Next-gen bioinformatics tool enables big data analysis without programming expertise
A new data analysis tool developed by researchers at The University of Texas MD Anderson Cancer Center incorporates a user-friendly, natural-language interface to allow biomedical researchers without specialized expertise in bioinformatics or programming languages to conduct intuitive analysis of large datasets.
The open-access, artificial intelligence (AI)-driven program, called DrBioRight, was created to lower barriers for all researchers to make full use of the increasingly large amounts of data generated in modern research methods. A report of this platform was published today in Cancer Cell.
“We felt that we could improve the current model for conducting routine bioinformatics analysis and greatly speed up turnaround time by creating a tool that any researcher could use,” said Han Liang, Ph.D., professor of Bioinformatics and Computational Biology. “Our long-term goal for DrBioRight is to be an intelligent collaborator for every researcher.”
High-throughput technologies used in modern biomedical research generate large, complex datasets that provide comprehensive information about patients, animal models or cell lines being studied. These may include, for example, studying the whole of genetic information (genomics), gene expression (transcriptomics), or protein expression (proteomics).
Because these “omics” datasets are so complex, it can be challenging to answer specific biological questions without specialized analytical approaches, explained Liang. These analyses are usually done with using a computer script written in a variety of programming languages, which requires some understanding of both programming and bioinformatics.
Bioinformaticians can help to navigate and process these complex datasets, but the work can be time consuming.
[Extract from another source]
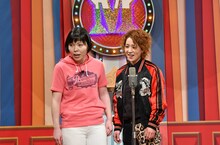 漫才でトークテーマを発表する尼神インター。(c)読売テレビ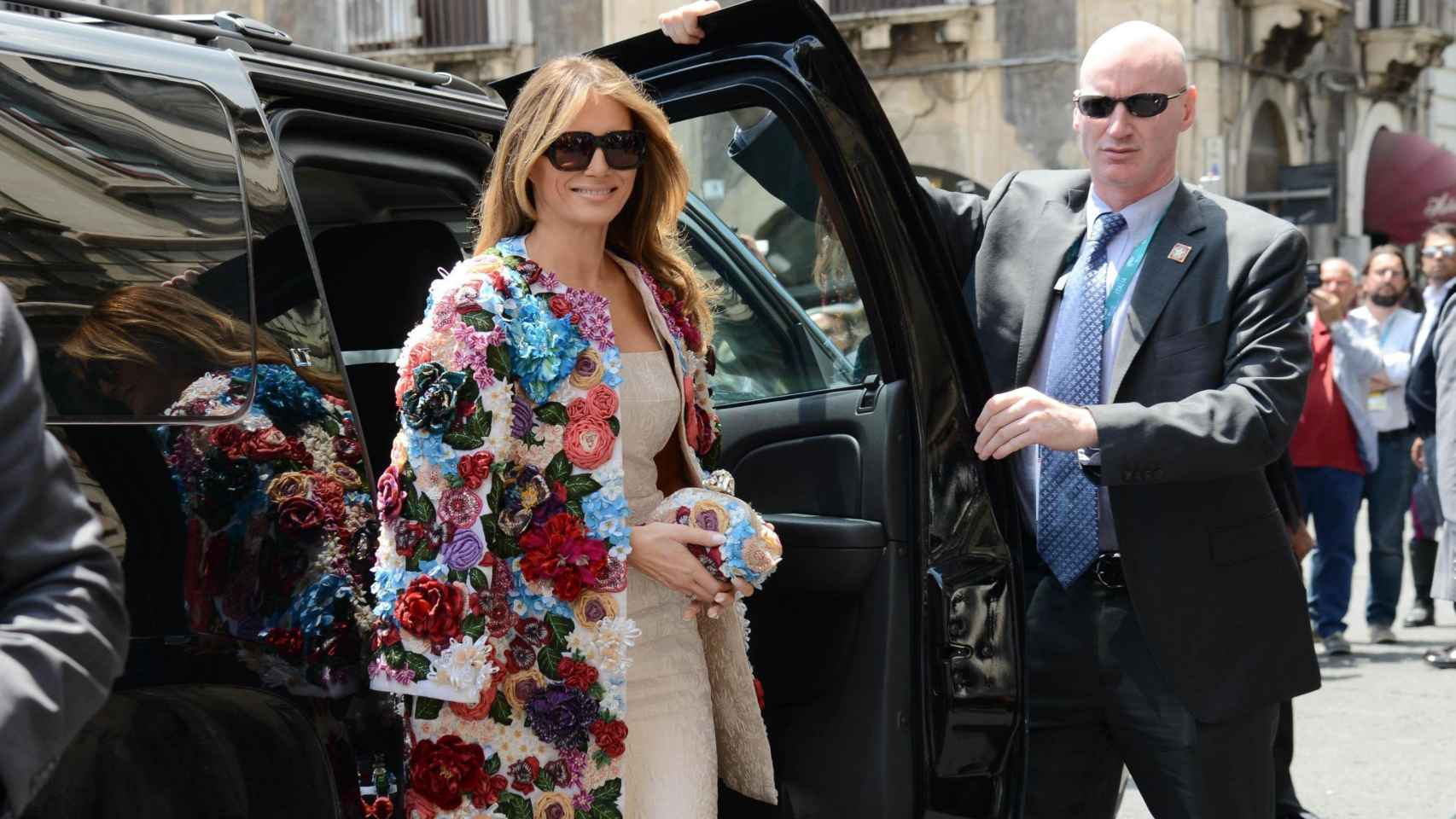 Melania Trump, a su llegada al acto con las primeras damas.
Therefore, the research team developed DrBioRight to enable researchers to more easily conduct routine analyses of their own data through a user-friendly chat interface with natural-language interactions.
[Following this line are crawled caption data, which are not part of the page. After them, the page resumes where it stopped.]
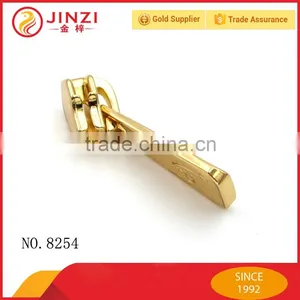 Professional Ladies Handbag Metal Parts,zinc Alloy Zipper Puller With Engraved Logo thumbnail-4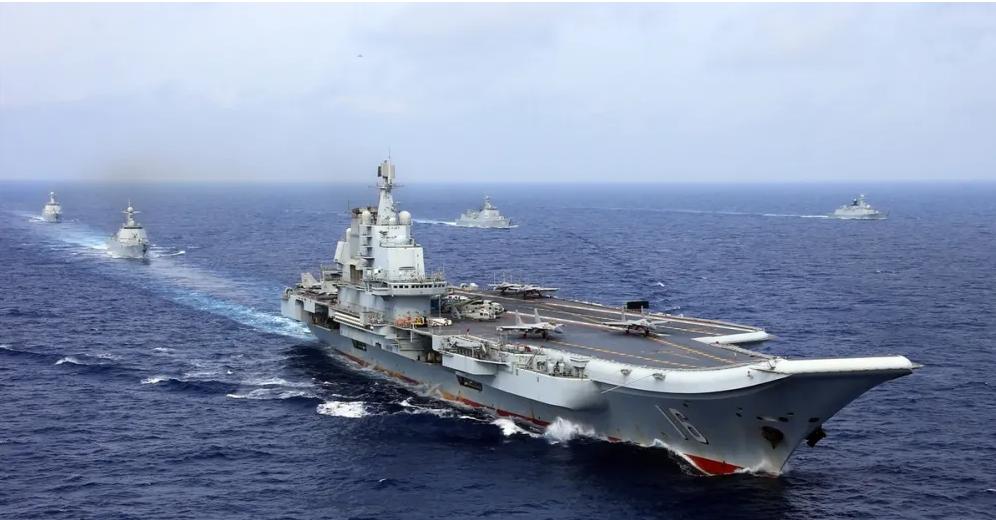 上世纪80年代，法国政府向中国提出“无偿赠送”一艘万吨级航空母舰，这个听起来简直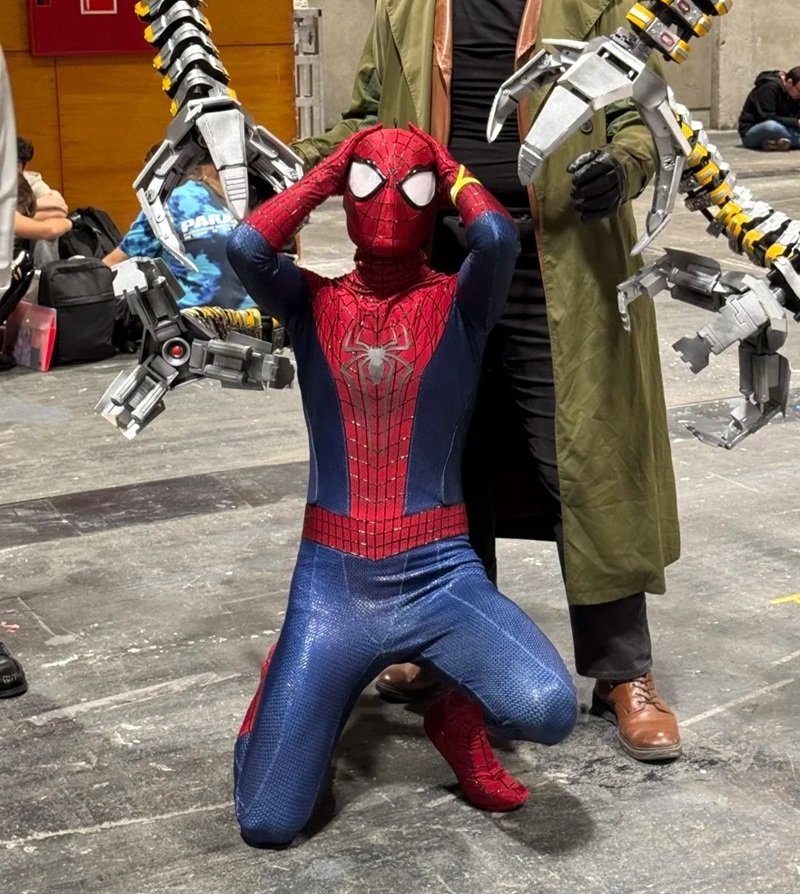 meme người nhện ôm đầu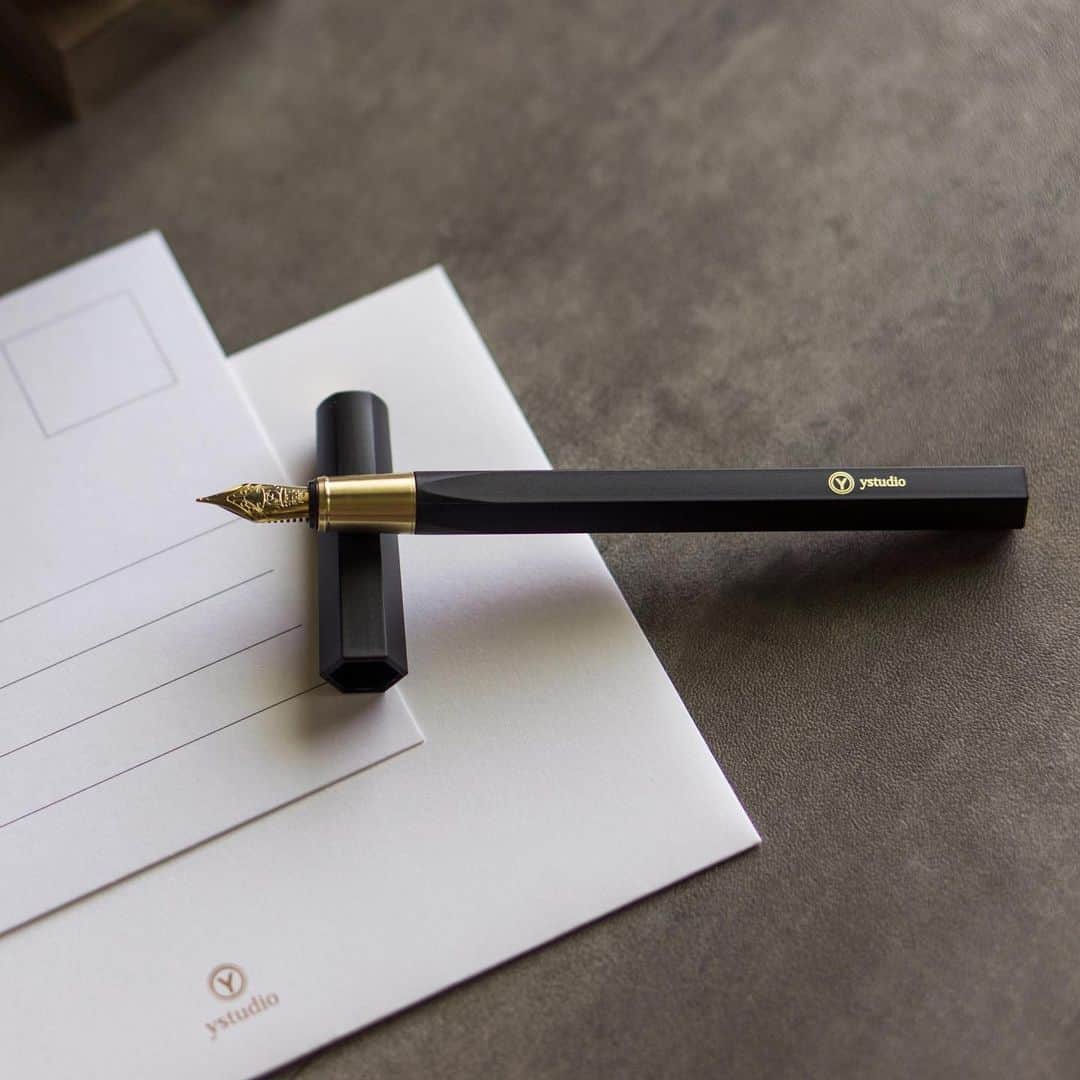 TOOLS to LIVEBY / 禮拜文房具さんのインスタグラム写真 - (TOOLS to LIVEBY / 禮拜文房具Instagram)「| Y Studio Balance Fountain Pen Combining brass with the acrylic material, after repeated tests, the brass inner is not only strengthens the structural strength of the pen, but also complements the brass with the lightweight acrylic body. The writing feel is in perfect balance. . 物外設計 平衡系列鋼筆  結合黃銅與首次採用的壓克力兩種材質，經過反覆測試找到黃銅內管最適宜的重量，不僅加強筆的結構強度，黃銅也與輕巧的壓克力筆身互補，讓重量與書寫手感達到完美的平衡。」5月31日 12時33分 - toolstoliveby
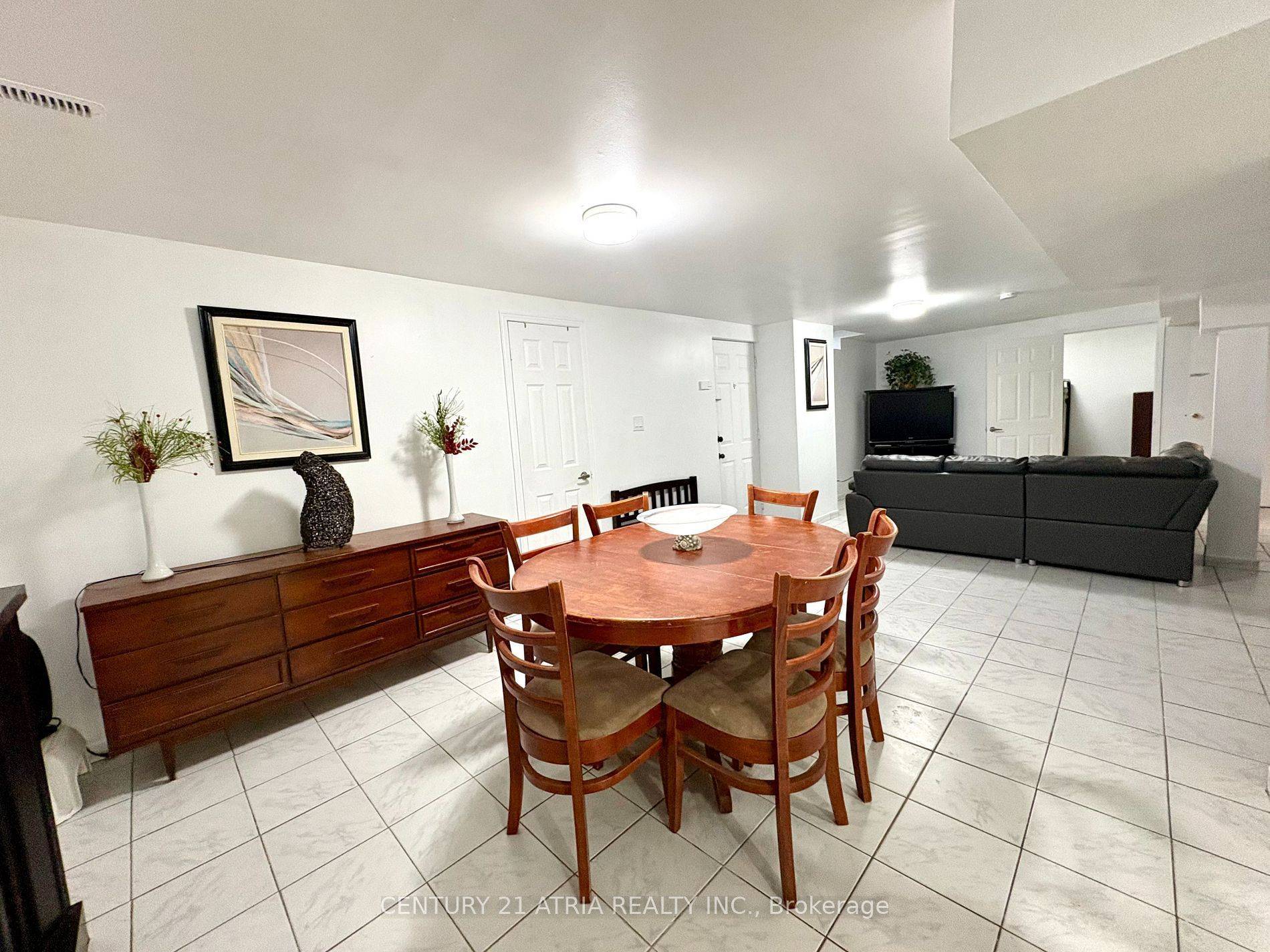 Pickering, ON L1V 5Z5,508 Lightfoot PL #Bsmt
The natural language-oriented program allows users to ask questions of the program as if they were speaking naturally rather than in complex programming languages, explained Liang.
DrBioRight is freely available to academic researchers. Initially, the program has a number of modules ready-built to handle the most common types of bioinformatics questions and includes some of most frequently used public cancer datasets available, such as The Cancer Genome Atlas and Cancer Cell Line Encyclopedia.
As a confirmation of the approach, the researchers replicated the analysis of a classic cancer genomics paper using DrBioRight and found it to accurately reproduce the previously published results.
Because the program is driven by AI, it also has the ability to learn from each inquiry and improve analysis, becoming a more useful tool over time. Going forward, the researchers hope to improve DrBioRight to enable users to analyze their own datasets as well as allow open development for new modules.
“As we work to improve the program, we also want to enable other bioinformaticians to contribute their algorithms and teach DrBioRight,” said Liang. “Involvement from the entire research community will help to create a tool that is useful in answering complex research questions more efficiently.”